Rones, Morris, 1969, A lithostratigraphic, petrographic, and chemical investigation of the lower Middle Ordovician carbonate rocks in central Pennsylvania: Pennsylvania Geological Survey General Geology Report, 4th series, no. 53, 224 p.


Summary:

Linden Hall Formation named. Composed of dark-gray thick -bedded limestones 151 ft thick. Conformably overlies the Snyder Limestone; underlies the Centre Hall Member of the Nealmont Formation.

Source: GNU records (USGS DDS-6; Reston GNULEX).


Map showing publication footprint
  • Usage in publication:
    • Linden Hall Formation
  • Modifications:
    • Revised
  • AAPG geologic province:
    • Appalachian basin
Publication:

Faill, R.T., Wells, R.B., and Sevon, W.D., 1977, Geology and mineral resources of the Linden and Williamsport quadrangles, Lycoming County, Pennsylvania: Pennsylvania Geological Survey Topographic and Geologic Atlas, 4th series, 134ab, 66 p., scale 1:24,000


Summary:

Linden Hall Formation of Rones (1969) revised to include all the limestones between the Snyder Formation (below) and the Rodman Formation (above).
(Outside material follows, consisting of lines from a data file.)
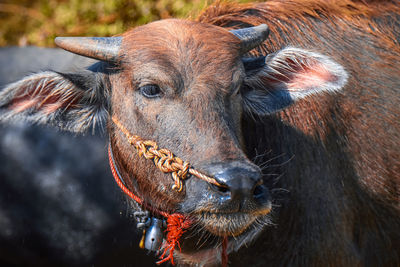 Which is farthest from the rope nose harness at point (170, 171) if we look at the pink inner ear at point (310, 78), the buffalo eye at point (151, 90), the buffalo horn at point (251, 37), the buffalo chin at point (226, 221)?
the pink inner ear at point (310, 78)

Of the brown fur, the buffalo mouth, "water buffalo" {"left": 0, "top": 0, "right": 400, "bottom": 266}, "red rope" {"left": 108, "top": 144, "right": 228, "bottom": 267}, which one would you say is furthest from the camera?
the brown fur

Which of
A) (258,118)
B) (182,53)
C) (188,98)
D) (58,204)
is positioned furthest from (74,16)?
(188,98)

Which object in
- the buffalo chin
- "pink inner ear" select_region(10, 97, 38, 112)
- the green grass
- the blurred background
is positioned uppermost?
"pink inner ear" select_region(10, 97, 38, 112)

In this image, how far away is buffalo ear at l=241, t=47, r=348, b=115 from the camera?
3.36 metres

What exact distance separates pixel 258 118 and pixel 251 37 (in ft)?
1.98

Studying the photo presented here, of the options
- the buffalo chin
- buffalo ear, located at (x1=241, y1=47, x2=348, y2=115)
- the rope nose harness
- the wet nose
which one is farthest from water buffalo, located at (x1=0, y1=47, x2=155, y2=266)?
the wet nose

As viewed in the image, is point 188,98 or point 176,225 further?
point 176,225

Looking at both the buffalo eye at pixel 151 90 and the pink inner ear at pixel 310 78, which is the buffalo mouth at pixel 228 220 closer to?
the buffalo eye at pixel 151 90

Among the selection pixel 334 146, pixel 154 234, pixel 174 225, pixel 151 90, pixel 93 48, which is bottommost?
pixel 154 234

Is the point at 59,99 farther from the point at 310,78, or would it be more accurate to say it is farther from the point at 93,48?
the point at 310,78

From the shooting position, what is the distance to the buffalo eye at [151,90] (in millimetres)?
3029

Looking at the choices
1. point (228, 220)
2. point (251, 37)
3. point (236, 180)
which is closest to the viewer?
point (236, 180)

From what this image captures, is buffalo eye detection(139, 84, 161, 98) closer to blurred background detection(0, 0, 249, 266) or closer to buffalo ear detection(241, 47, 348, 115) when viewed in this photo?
buffalo ear detection(241, 47, 348, 115)

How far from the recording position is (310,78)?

Divided into the Stover Member and an unnamed upper member.

Source: GNU records (USGS DDS-6; Reston GNULEX).


Map showing publication footprint
  • Usage in publication:
    • Linden Hall
  • Modifications:
    • Not used
  • AAPG geologic province:
    • Appalachian basin
Publication:

Berg, T.M. (compiler), 1980, Geologic map of Pennsylvania: Pennsylvania Geological Survey State Map, 4th series, 1, scale 1:250,000


Summary:

The term Linden Hall is not used on the geologic map of PA in central PA. Rocks called Linden Hall by other workers are called Benner Formation.

Source: GNU records (USGS DDS-6; Reston GNULEX).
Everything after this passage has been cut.